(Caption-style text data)

········

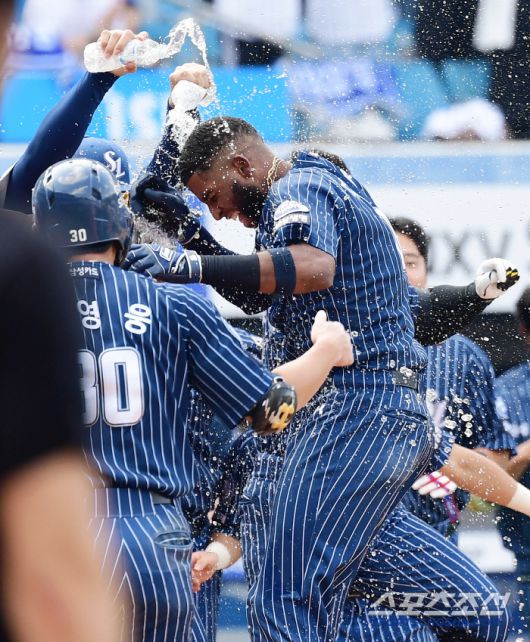 25일 대구 삼성라이온즈파크에서 열린 KBO리그 삼성과 KIA의 경기. 9회말 끝내기 홈런을 날리고 동료들과 함께 기뻐하는 삼성 디아즈. 대구=송정헌 기자songs@sportschosun.com/2025.05.25/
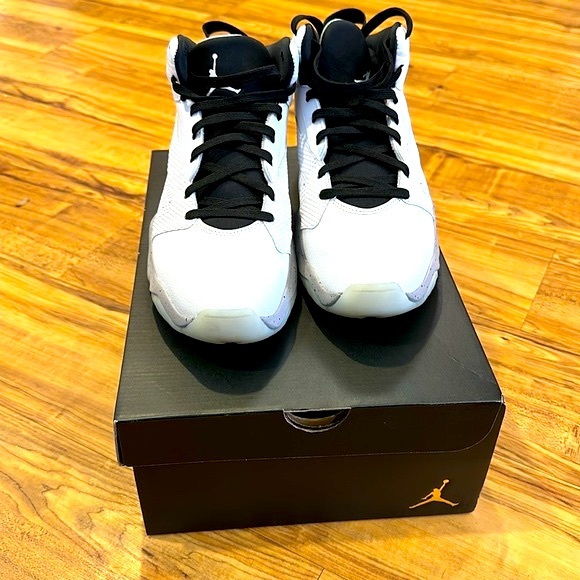 Men’s Jordan Lift Off-white/black/wolf grey - Picture 8 of 8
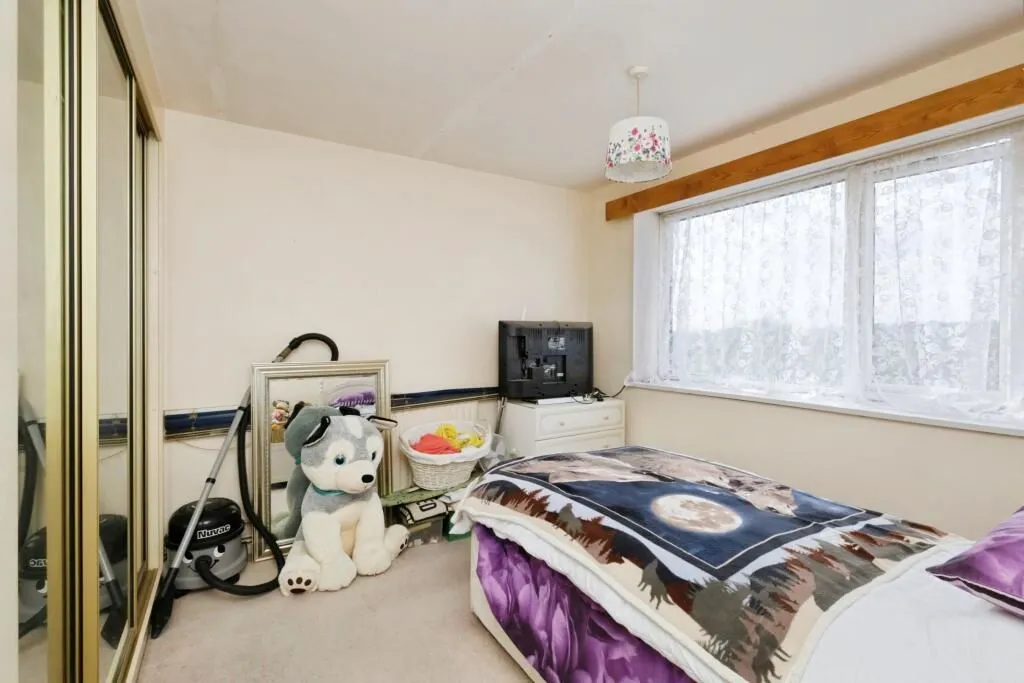 Upperton Road, Eastbourne, East Sussex, BN21 1LF - Online Auctions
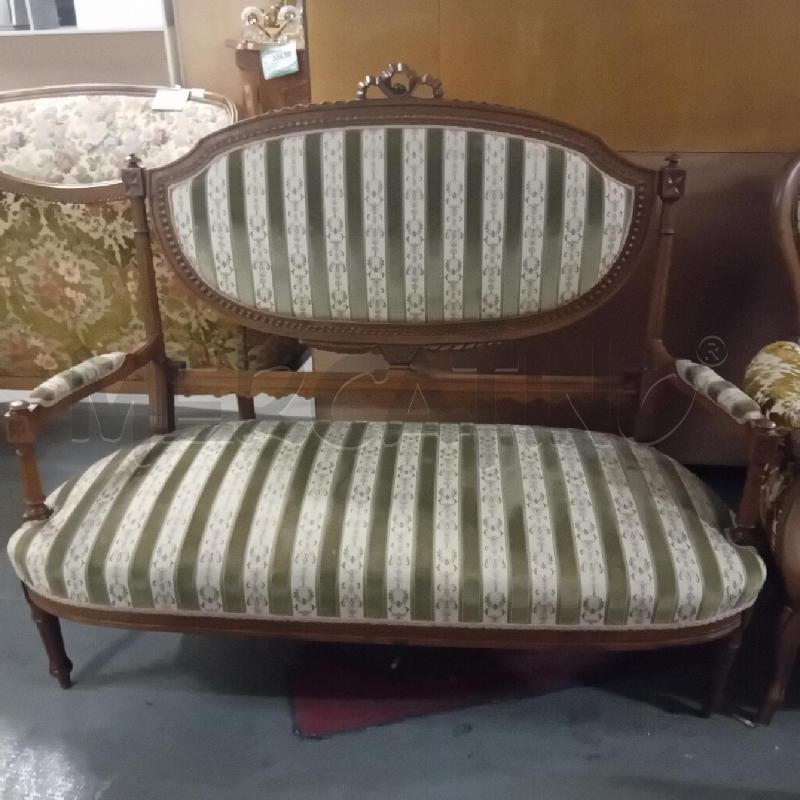 DIVANETTO STILE NEOCLASSICO | Mercatino dell'Usato Alpignano 1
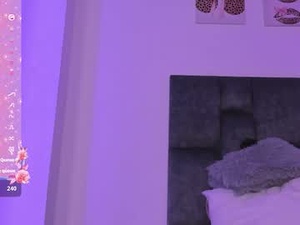 Screenshot from kittystar18 webcams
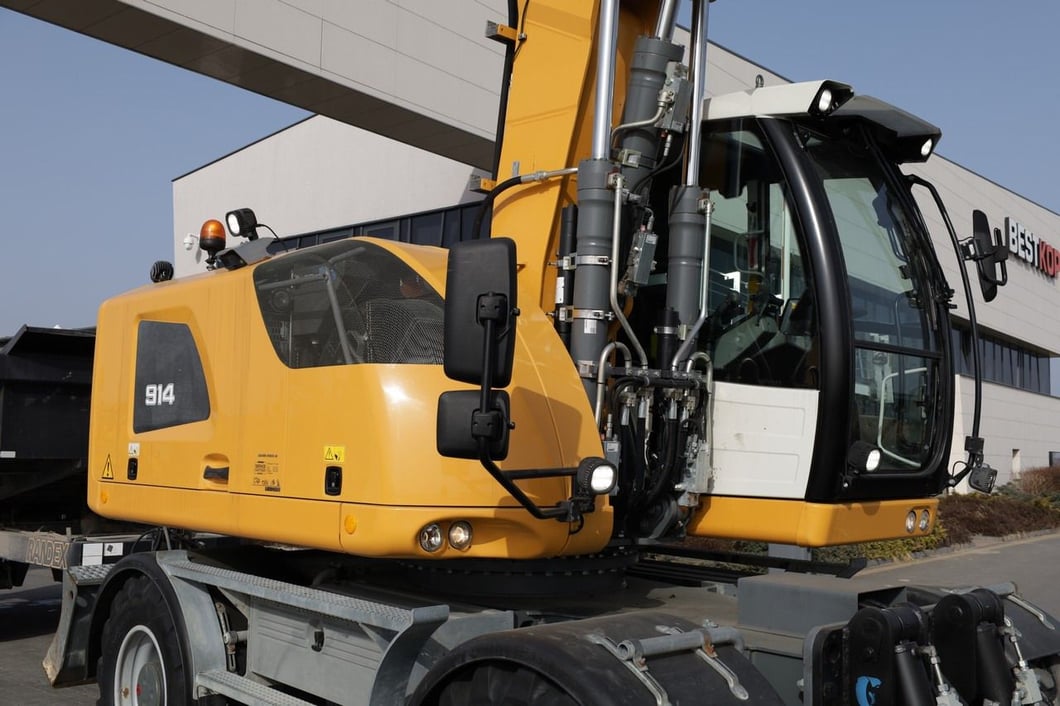 2017 Liebherr A914 LITRONIC Wheel Excavator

········

Task to carry out. Exactly the lines from the one with "Upperton Road, Eastbourne, East" through the end of the records are to be repeated, both ends included, and pictures are to be omitted.

Reply.
 Upperton Road, Eastbourne, East Sussex, BN21 1LF - Online Auctions
 DIVANETTO STILE NEOCLASSICO | Mercatino dell'Usato Alpignano 1
 Screenshot from kittystar18 webcams
 2017 Liebherr A914 LITRONIC Wheel Excavator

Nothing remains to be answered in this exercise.